British Columbia: BCCNM
BCCNM (the BC College of Nurses and Midwives) handles RN, LPN, NP, RPN-mental-health, and midwifery registration in BC. Their move-from-another-province pathway is on bccnm.ca. From an Ottawa notary chair, BC-bound applicants typically need a certified true copy of:
- A valid government-issued photo ID
- Marriage certificate or legal name-change documents, if your CNO record and your BC application are in different names
- Permanent resident card or citizenship certificate, where status documentation is requested
The verification of CNO registration — sometimes called a letter of professional conduct — is sent from CNO to BCCNM directly. We don't certify that. If BC asks for a statutory declaration confirming continuous practice or explaining a registration gap, we can commission that.
Alberta: CRNA
The College of Registered Nurses of Alberta (CRNA, at nurses.ab.ca) covers RNs and NPs in Alberta. Licensed Practical Nurses fall under the CLPNA, and Registered Psychiatric Nurses under the CRPNA — three separate bodies. For an Ontario RN moving to Alberta, CRNA's labour-mobility application typically involves a verification from CNO and identity documents you provide. Certified copies of photo ID and any name-change paperwork are standard. CRNA also commonly asks for a sworn declaration about good character or current practice — that's the statutory declaration we commission.
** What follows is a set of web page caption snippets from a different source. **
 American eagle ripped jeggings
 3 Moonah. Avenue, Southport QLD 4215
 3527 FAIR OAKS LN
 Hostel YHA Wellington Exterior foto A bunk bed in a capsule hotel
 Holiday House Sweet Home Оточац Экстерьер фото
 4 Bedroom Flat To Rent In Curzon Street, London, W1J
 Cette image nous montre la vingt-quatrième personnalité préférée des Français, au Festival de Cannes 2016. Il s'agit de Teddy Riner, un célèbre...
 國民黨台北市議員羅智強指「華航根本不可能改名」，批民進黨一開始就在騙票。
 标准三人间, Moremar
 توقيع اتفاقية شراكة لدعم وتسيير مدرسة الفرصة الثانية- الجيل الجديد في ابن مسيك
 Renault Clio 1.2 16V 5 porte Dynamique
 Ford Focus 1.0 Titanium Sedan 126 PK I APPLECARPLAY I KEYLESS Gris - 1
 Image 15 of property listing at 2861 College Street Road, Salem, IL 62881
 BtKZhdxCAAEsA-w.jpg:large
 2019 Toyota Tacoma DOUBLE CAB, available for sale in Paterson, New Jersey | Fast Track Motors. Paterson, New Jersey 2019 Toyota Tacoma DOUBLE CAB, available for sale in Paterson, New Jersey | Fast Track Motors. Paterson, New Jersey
Saskatchewan: CRNS (and SALPN, RPNAS)
Saskatchewan's regulator for RNs and NPs is the College of Registered Nurses of Saskatchewan (CRNS, at crns.ca). LPNs are with SALPN; psychiatric nurses with RPNAS. Like Alberta, Saskatchewan distinguishes among the three streams. CRNS's labour-mobility process for already-registered Canadian nurses is the lightest in terms of new credentials — but they still want certified copies of ID and any name-change documents you submit. For internationally educated nurses, CRNS uses NCAS for assessment.
Manitoba: CRNM
The College of Registered Nurses of Manitoba (CRNM, at crnm.mb.ca) handles RNs and NPs. Manitoba's labour-mobility process for already-registered Canadian RNs is similar to the others — verification from your current college, certified true copies of identification, and a statutory declaration if there's a name change or a gap to explain.
Quebec: OIIQ
Quebec sits a little apart. The Ordre des infirmières et infirmiers du Québec (OIIQ, at oiiq.org) administers RN registration in Quebec, and like other professional ordres in Quebec, it operates under the Professional Code in French. Most documentation is reviewed in French. There are several considerations specific to Quebec:
- French-language proof is typically required (Office québécois de la langue française evaluation)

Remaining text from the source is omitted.